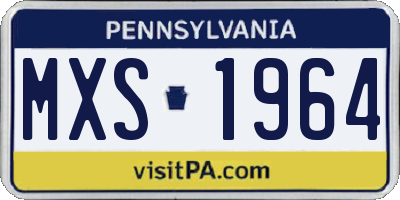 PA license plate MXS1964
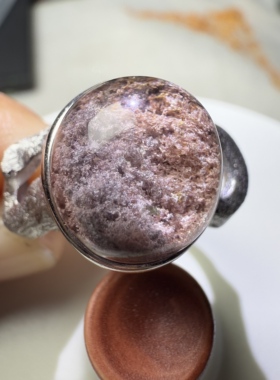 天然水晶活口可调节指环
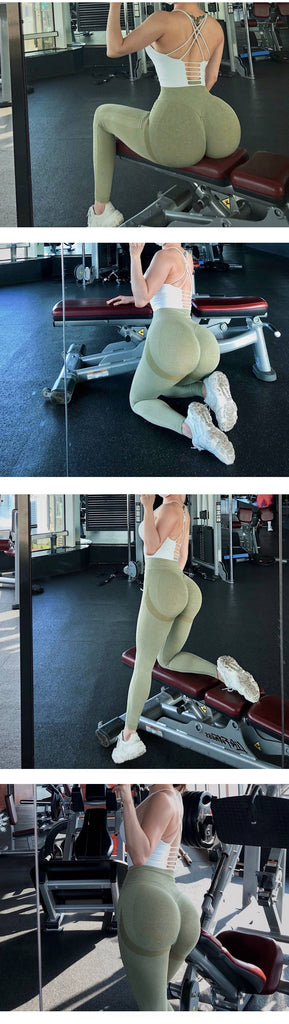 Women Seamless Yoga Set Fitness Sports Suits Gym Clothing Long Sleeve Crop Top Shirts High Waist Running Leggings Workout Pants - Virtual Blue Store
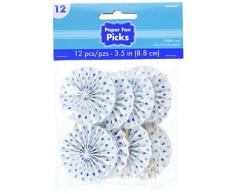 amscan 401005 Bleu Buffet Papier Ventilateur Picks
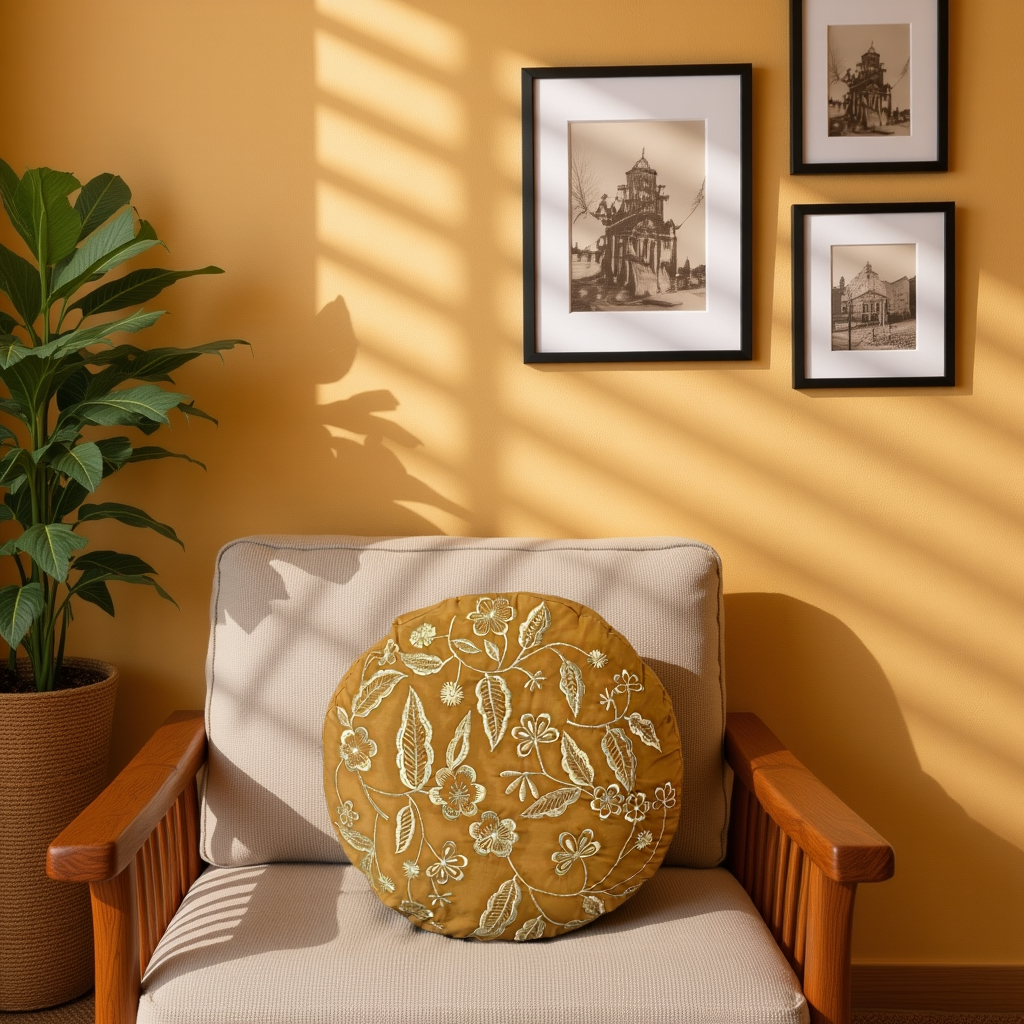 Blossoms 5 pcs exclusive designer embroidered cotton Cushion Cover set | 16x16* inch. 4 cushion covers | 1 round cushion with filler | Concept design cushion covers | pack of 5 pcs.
= = = = = = =
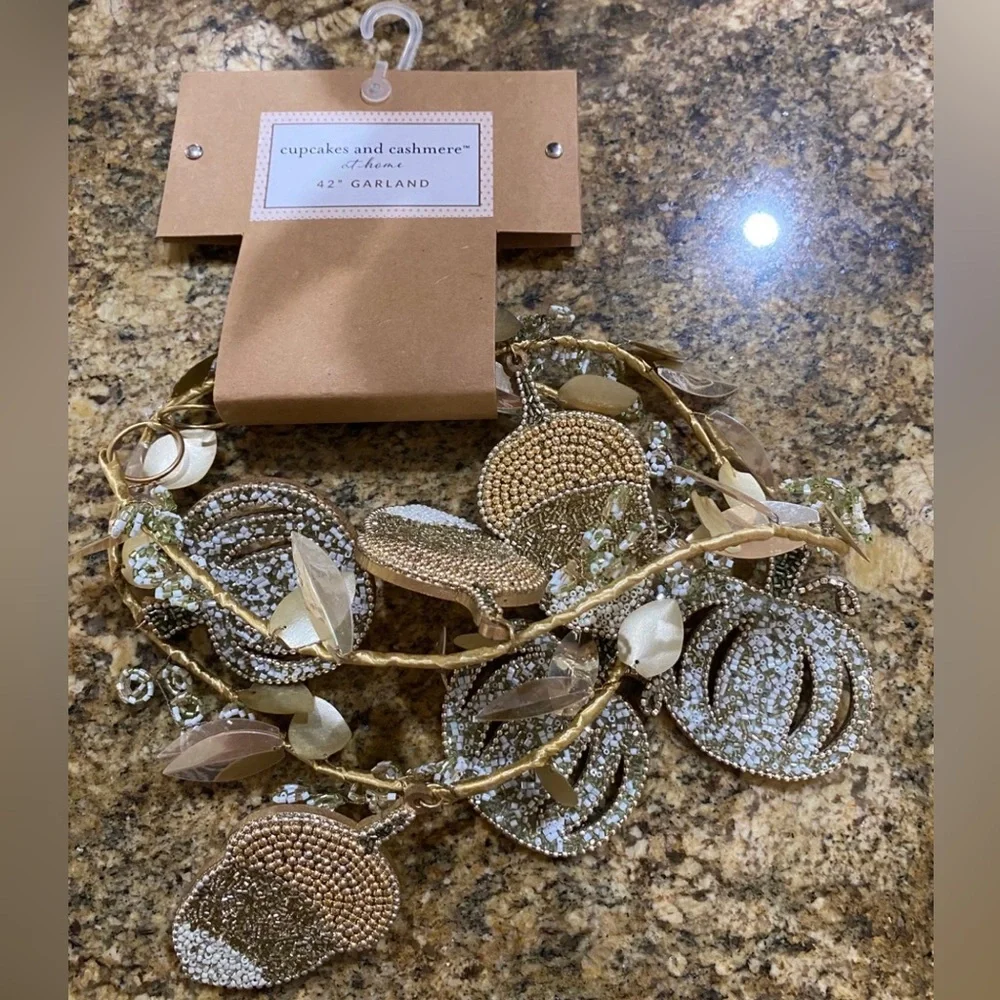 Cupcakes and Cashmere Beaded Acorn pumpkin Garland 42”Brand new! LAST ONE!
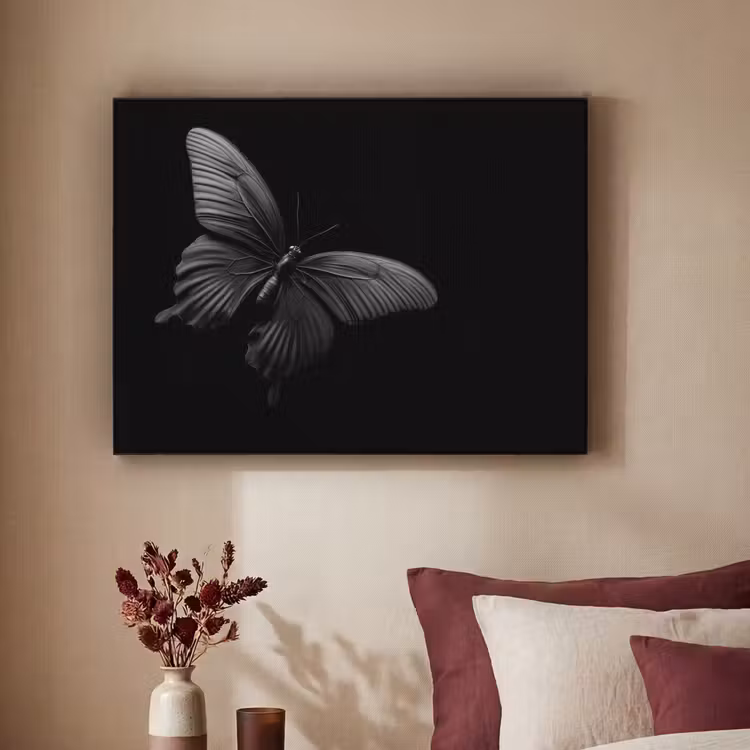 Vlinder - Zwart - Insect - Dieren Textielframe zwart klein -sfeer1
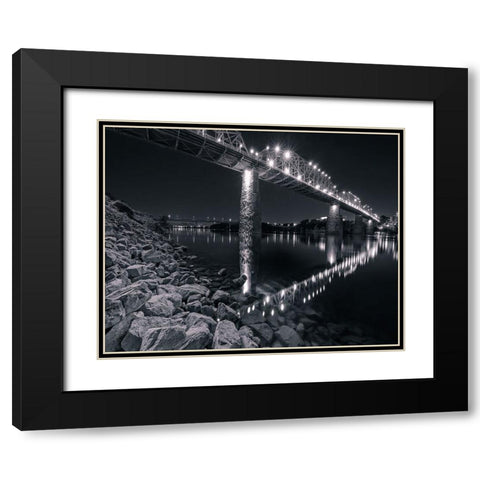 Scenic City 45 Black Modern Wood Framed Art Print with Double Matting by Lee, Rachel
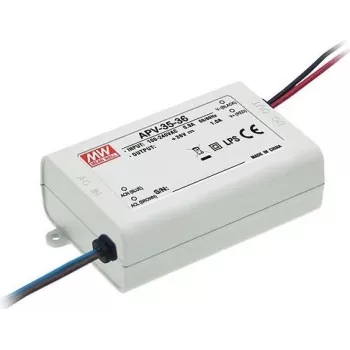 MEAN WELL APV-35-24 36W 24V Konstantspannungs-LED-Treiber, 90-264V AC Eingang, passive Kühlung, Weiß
= = = = = = =
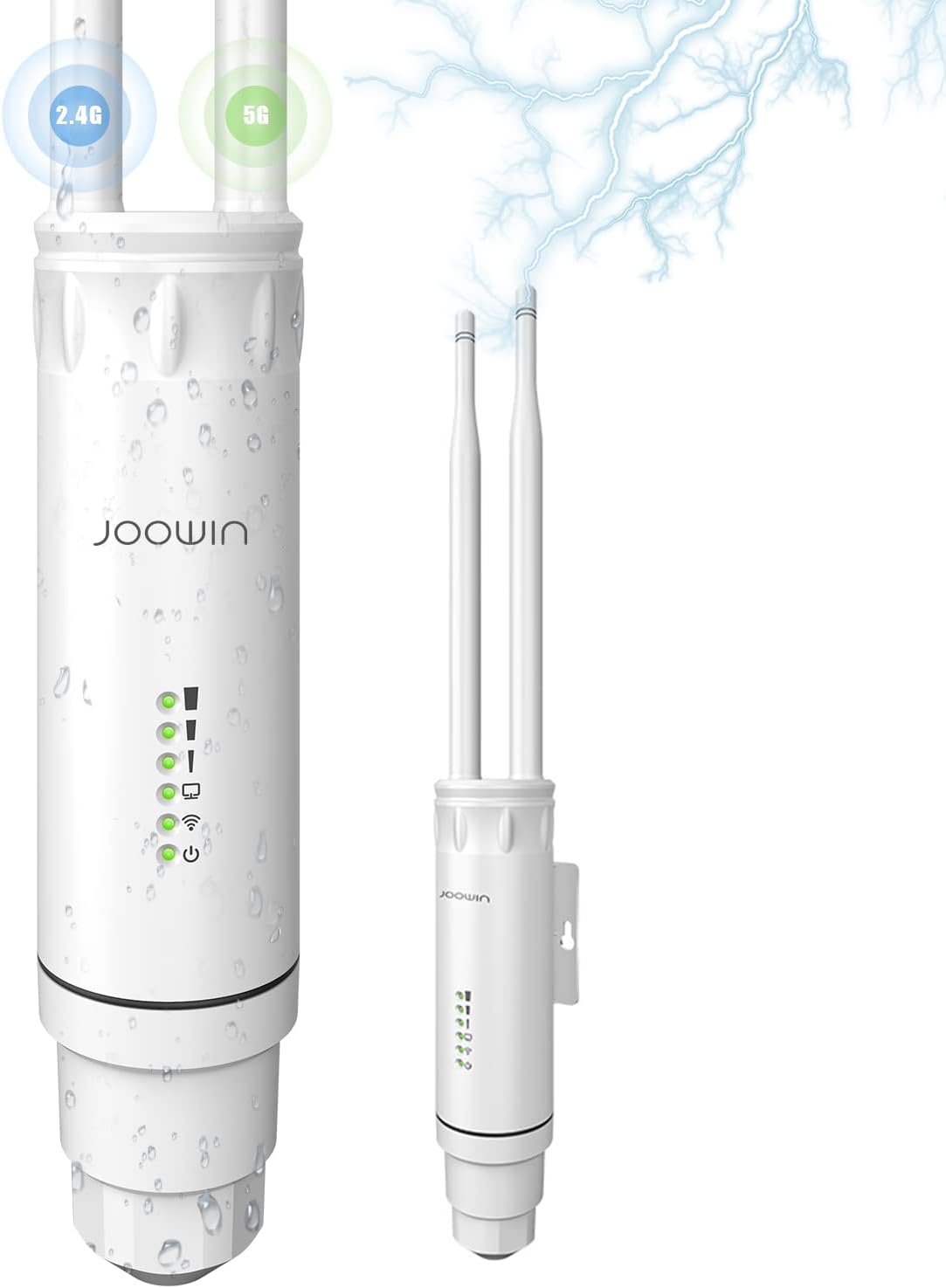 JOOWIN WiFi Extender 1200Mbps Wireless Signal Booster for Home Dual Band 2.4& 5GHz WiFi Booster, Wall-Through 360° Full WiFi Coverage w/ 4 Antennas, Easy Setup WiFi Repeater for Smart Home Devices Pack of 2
= = = = = = =
## Work request:
Copy word for word only the lines above from the one with "Vlinder - Zwart" through the one with "MEAN WELL APV-35-24". Leave pictures out.

## Result of this task:
 Vlinder - Zwart - Insect - Dieren Textielframe zwart klein -sfeer1
 Scenic City 45 Black Modern Wood Framed Art Print with Double Matting by Lee, Rachel
 MEAN WELL APV-35-24 36W 24V Konstantspannungs-LED-Treiber, 90-264V AC Eingang, passive Kühlung, Weiß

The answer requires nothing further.